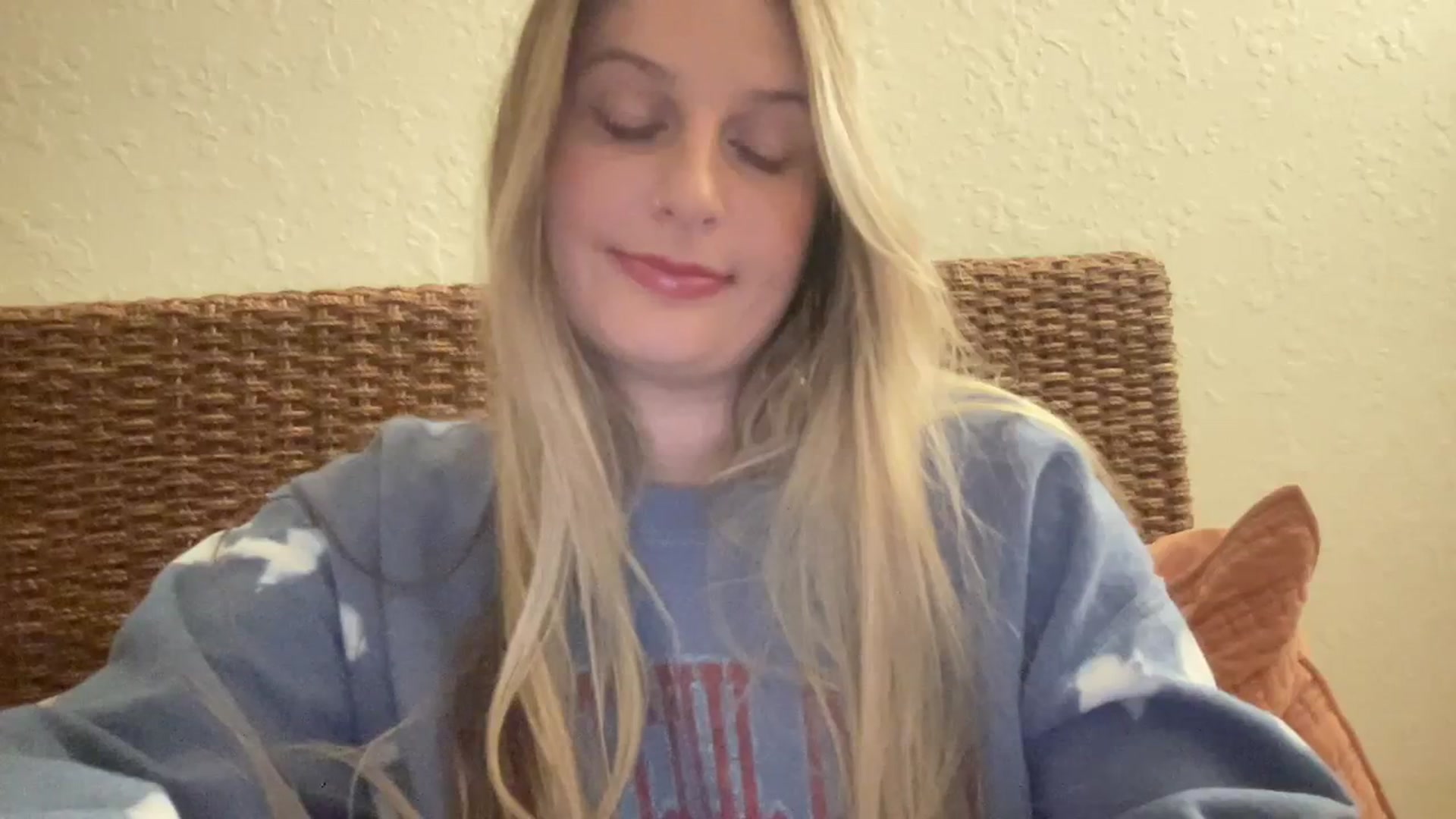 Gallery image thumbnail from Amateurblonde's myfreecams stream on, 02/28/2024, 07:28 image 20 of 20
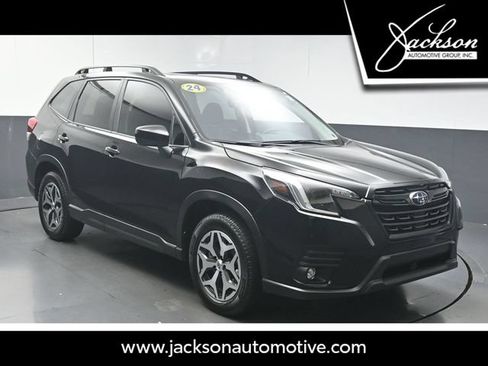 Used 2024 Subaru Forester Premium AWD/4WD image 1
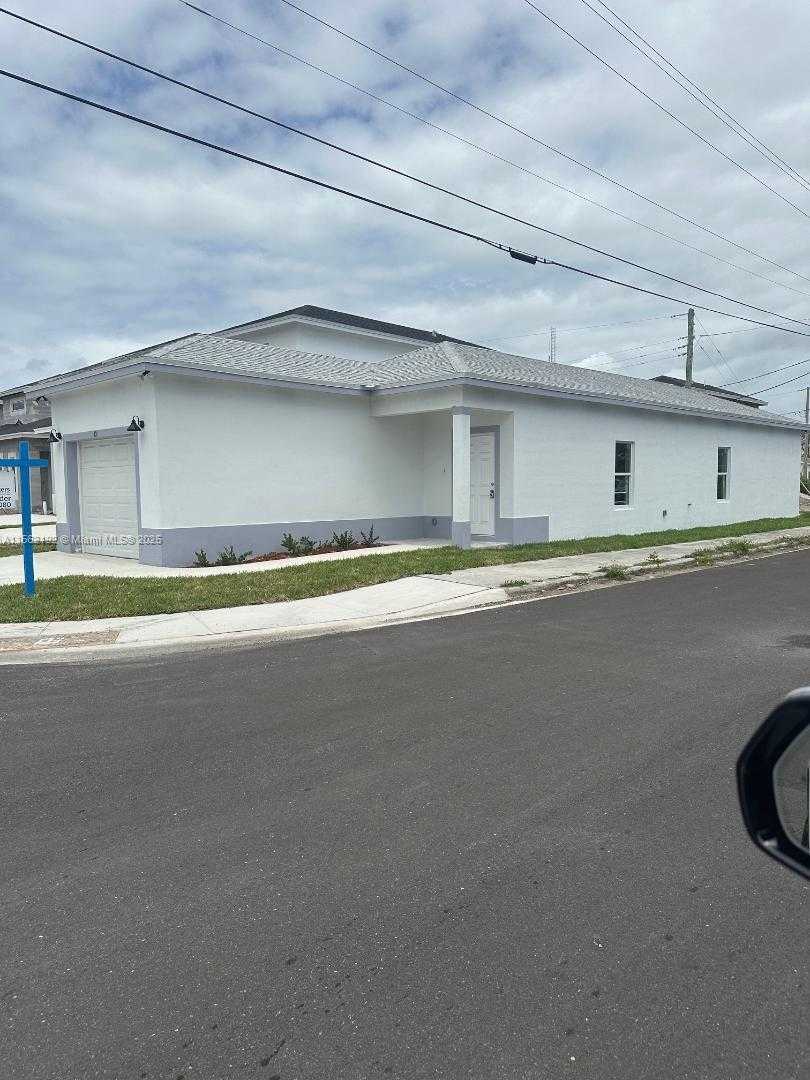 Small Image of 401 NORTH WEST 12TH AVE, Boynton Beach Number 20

************

**WHAT IS REQUIRED**
Beginning at the line that contains "Used 2024 Subaru" and ending at the last line of the data, return each line exactly; no picture belongs in the copy.

**THE COMPLETED TASK**
 Used 2024 Subaru Forester Premium AWD/4WD image 1
 Small Image of 401 NORTH WEST 12TH AVE, Boynton Beach Number 20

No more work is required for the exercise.